● **WORK REQUIRED**: Out of the entries that follow, copy each line containing "фото".

SOURCE INFORMATION: Begin

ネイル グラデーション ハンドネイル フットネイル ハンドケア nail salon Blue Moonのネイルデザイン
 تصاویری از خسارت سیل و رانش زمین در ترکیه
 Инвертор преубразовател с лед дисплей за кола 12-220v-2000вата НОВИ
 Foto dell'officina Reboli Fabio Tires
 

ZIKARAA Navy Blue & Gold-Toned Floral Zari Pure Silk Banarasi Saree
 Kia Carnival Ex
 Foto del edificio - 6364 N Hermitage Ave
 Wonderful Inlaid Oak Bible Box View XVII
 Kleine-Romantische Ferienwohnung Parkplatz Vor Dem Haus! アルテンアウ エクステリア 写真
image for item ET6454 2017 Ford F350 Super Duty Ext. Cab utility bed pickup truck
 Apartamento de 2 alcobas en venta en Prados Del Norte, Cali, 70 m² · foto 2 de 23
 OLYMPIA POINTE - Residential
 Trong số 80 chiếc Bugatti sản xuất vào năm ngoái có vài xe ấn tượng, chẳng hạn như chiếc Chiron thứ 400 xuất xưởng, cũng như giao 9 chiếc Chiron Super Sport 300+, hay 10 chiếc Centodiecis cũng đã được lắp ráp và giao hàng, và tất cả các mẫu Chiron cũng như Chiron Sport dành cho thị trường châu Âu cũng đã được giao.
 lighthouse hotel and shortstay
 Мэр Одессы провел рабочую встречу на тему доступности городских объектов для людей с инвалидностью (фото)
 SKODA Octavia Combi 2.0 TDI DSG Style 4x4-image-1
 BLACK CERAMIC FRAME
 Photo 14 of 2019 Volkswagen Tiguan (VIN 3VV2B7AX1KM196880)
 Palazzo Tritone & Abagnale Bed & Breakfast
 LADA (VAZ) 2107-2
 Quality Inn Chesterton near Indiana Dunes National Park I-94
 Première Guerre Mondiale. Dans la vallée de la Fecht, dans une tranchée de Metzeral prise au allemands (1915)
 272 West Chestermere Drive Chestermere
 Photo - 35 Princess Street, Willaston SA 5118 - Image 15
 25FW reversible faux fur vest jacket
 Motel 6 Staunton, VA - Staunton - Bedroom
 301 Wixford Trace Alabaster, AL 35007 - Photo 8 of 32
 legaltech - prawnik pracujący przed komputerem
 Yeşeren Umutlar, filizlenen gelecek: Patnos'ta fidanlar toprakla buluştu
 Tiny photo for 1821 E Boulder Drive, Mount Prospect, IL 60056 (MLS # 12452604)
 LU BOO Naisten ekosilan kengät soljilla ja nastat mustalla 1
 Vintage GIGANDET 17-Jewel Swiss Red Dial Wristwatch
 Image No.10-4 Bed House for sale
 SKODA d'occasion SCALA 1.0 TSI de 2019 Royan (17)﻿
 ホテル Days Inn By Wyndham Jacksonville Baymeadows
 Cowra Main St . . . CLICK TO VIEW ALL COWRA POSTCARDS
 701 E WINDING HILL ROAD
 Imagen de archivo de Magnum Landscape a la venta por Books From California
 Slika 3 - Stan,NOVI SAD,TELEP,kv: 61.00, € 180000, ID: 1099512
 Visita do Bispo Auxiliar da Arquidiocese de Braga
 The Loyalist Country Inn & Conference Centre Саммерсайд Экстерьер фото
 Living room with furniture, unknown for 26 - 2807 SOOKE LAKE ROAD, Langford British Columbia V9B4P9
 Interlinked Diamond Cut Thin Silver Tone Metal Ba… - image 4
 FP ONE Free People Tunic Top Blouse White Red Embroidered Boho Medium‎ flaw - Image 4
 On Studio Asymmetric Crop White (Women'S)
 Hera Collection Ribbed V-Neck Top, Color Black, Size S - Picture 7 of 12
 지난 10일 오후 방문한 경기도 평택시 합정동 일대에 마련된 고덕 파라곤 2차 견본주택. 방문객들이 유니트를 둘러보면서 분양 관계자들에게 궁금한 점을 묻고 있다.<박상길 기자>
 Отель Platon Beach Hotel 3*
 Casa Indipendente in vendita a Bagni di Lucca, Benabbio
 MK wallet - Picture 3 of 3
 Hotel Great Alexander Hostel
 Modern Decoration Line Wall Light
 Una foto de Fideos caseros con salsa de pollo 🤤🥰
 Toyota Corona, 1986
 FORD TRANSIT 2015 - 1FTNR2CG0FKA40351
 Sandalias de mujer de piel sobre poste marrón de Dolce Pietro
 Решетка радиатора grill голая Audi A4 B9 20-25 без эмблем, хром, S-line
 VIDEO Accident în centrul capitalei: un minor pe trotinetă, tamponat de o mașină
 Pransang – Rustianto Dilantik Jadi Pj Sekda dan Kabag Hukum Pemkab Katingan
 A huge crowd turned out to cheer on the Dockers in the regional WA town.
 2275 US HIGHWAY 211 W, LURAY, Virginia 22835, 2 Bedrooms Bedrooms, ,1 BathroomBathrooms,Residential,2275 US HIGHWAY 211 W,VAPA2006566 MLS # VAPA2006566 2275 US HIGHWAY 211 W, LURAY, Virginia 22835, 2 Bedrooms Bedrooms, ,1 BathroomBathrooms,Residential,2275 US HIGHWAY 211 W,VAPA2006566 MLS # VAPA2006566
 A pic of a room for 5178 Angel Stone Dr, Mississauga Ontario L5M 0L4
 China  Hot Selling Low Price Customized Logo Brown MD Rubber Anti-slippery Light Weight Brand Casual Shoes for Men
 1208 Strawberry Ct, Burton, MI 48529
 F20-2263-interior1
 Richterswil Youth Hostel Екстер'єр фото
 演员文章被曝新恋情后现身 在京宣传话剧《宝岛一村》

SOURCE INFORMATION: End

● **OUTPUT OF THE EXERCISE**:
 Мэр Одессы провел рабочую встречу на тему доступности городских объектов для людей с инвалидностью (фото)
 The Loyalist Country Inn & Conference Centre Саммерсайд Экстерьер фото
 Richterswil Youth Hostel Екстер'єр фото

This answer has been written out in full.